**Your goal**
Your response should contain each line of the data that includes "cozy".

(Collection entries)
[Start of section]
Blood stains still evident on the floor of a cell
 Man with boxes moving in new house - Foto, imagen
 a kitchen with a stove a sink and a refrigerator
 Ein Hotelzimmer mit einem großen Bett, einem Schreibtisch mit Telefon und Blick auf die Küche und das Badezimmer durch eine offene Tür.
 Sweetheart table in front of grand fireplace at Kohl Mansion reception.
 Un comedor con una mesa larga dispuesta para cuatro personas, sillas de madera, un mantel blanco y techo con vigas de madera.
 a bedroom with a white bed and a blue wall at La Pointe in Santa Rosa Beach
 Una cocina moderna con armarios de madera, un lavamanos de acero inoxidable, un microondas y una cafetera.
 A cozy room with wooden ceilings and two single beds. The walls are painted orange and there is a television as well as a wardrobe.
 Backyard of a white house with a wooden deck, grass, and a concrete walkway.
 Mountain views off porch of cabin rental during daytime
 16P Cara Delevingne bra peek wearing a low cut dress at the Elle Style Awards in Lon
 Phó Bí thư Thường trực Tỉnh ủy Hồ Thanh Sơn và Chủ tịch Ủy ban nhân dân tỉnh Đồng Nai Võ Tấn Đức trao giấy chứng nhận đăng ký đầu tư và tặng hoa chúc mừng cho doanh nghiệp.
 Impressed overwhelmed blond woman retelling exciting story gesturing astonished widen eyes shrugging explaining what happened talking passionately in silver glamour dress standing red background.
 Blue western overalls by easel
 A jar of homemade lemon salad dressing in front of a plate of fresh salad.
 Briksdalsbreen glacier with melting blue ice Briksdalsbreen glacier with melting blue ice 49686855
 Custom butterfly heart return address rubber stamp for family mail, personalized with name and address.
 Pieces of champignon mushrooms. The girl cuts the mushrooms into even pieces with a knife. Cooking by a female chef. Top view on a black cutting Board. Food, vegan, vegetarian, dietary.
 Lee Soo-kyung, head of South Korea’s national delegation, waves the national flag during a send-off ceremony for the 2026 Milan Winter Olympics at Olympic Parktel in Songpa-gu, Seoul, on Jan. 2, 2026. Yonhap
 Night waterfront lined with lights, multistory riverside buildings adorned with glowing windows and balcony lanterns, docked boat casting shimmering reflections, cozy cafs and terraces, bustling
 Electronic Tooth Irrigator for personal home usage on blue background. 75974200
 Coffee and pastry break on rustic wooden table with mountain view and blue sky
[End of section]
**Your solution**
 A cozy room with wooden ceilings and two single beds. The walls are painted orange and there is a television as well as a wardrobe.
 Night waterfront lined with lights, multistory riverside buildings adorned with glowing windows and balcony lanterns, docked boat casting shimmering reflections, cozy cafs and terraces, bustling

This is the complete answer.